Affiliation:
1. Department of Spine Surgery, Ganga Hospital, Coimbatore, India
2. Department of Anesthesiology, Ganga Hospital, Coimbatore, India
Abstract
Study design Prospective, randomized controlled study. Objective To assess the safety and efficacy of an ultrasound-guided ISP block for postoperative analgesia in posterior cervical laminectomy. Methods 88 patients requiring posterior cervical laminectomy were randomized into two groups, those who underwent ISP block with multimodal analgesia (ISPB group) and those with only multimodal analgesia (control group). Demographic details, intraoperative parameters (blood loss, duration of surgery, perioperative total opioid consumption, muscle relaxants used), and postoperative parameters (numeric rating scale, satisfaction score, mobilization time, and complications) were recorded. Results The total opioid consumption (128.41 + 39.65vs 284.09 + 140.92mcg; P < .001), muscle relaxant usage (46.14 + 6.18 mg vs 59.32 + 3.97 mg; P < .001), surgical duration (128.61 + 26.08/160.23 + 30.99mins; P < .01), and intra-operative blood loss (233.18 + 66.08 mL vs 409.77 + 115.41 mL; P < .01) were significantly less in the ISPB group compared to the control. In the postoperative period, the control group’s pain score was significantly higher ( P < .001) in the initial 48 hours. The Modified Observer Alertness/Sedation Score (MOASS) score and satisfaction scores were significantly better in the ISPB compared to the control ( P < .001).

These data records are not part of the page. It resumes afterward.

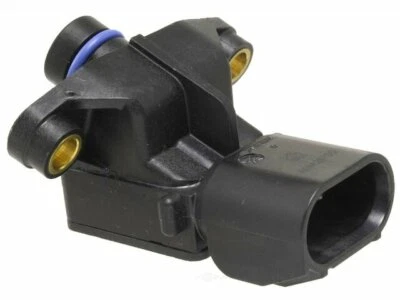 For 2002-2004 Chrysler Intrepid MAP Sensor NGK 37116KH 2003 - Image 1 of 2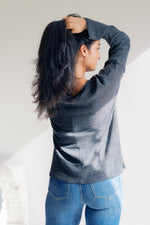 Translation missing: en.products.product.gallery_thumbnail_alt
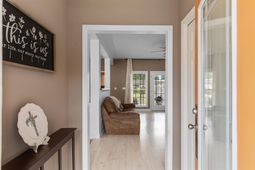 493 Garden Ave.  photo 4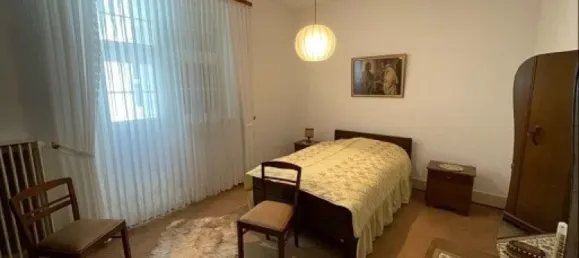 6 bedrooms Townhouse in Hagen, Germany No. 288376 10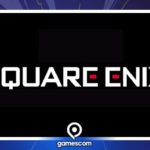 Lo que llevará Square Enix a la gamescom 2019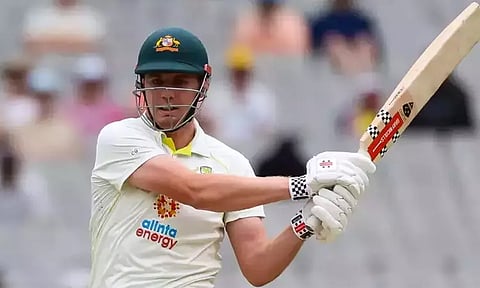 கோப்புப்படம்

The mean time required to ambulate was statistically less in ISPB (4.30 + 1.64hours) when compared to controls (9.48 + 3.07hours) ( P < .001). Conclusion In patients undergoing posterior cervical laminectomy, ISP block is a safe and effective technique with better outcomes than standard multi-modal analgesia alone, in terms of reduced intra-operative opioid requirements and blood loss, better postoperative analgesia, and early mobilization.